There was also a small child to be patted. Cinnamon Aylen, three-and- half-year-old victim of a chip pan fire, was keeping her voting intentions to herself. Indeed she quite rightly refused to say anything.

In the hospital cafe two old ladies were impressed by the 56-year-old Mr Ashdown's head of hair. "Kept it well, he has," one said. The Liberal Democrat leader took the opportunity to consult some physiotherapists about an old skiing injury he had sustained on his thumb. They seemed to think the hurt sustained was small beer and they took only a professional interest in his problem.

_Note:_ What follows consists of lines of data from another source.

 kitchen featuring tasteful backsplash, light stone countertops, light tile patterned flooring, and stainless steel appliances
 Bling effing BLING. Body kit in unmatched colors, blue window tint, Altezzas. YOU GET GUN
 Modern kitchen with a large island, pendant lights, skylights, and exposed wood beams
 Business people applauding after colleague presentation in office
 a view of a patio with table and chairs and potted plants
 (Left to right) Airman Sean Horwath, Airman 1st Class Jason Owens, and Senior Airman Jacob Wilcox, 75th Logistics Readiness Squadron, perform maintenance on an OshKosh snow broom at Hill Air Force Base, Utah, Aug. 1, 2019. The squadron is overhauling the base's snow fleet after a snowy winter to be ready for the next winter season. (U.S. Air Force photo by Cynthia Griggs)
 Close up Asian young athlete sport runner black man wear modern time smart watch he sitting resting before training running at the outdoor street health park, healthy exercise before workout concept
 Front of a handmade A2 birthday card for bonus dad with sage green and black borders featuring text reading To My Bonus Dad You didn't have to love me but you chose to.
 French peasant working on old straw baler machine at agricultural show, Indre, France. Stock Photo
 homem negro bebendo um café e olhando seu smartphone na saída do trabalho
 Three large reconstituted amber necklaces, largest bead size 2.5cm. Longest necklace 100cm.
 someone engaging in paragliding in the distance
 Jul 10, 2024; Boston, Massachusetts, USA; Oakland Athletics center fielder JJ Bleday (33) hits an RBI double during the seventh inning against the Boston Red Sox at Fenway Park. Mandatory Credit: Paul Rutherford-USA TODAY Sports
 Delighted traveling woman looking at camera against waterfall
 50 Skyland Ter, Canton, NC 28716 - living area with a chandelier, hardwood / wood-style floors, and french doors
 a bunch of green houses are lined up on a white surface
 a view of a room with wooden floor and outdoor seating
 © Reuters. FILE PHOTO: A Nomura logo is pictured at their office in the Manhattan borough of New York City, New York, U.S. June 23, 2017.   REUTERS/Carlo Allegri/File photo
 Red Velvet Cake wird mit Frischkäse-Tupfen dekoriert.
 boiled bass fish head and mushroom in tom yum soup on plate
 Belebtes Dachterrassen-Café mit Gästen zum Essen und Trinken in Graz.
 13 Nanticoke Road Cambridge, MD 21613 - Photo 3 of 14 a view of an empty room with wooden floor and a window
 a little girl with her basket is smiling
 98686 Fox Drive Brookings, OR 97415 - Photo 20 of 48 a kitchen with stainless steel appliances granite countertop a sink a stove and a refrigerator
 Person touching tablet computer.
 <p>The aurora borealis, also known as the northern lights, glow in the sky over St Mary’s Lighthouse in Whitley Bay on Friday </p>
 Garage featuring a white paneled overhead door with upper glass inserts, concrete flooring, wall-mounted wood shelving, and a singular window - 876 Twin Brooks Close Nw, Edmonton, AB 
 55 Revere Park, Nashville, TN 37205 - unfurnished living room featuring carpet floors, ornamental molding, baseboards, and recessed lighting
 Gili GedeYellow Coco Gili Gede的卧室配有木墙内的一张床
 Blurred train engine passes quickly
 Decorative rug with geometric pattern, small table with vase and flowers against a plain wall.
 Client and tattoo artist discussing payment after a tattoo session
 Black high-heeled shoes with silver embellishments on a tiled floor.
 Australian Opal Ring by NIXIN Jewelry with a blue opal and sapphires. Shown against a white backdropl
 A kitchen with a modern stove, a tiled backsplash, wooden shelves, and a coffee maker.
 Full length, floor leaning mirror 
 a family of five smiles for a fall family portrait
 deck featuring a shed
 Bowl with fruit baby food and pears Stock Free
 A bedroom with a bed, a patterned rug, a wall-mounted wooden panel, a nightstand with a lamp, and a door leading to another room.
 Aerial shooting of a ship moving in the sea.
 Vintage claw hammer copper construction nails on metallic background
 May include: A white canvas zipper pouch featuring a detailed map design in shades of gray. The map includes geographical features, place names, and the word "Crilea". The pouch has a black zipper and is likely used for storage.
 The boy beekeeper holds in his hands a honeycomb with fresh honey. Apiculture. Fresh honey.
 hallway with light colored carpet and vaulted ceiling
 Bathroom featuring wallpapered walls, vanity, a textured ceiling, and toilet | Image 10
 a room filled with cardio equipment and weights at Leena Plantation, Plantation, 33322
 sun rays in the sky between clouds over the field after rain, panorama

One women patient showed Mr Ashdown her "bad knee" and waved a St Christopher medallion at him. She was, she said, a pianist who supported Mr Ashdown, but who also gave fundraising concerts for David Mellor, radio presenter, former minister and sitting Tory MP in the constituency.

Then briefly to Hampton Hill Junior School, where Mr Ashdown became a kind of Pied Piper of Hamlyn figure, pursued by children around the playground. "How are you off for equipment?" Mr Ashdown asked the headteacher, William Jerman. "Quite well off really," replied the head. Not quite the required response. Don't doctors, nurses and teachers realise how badly off they are?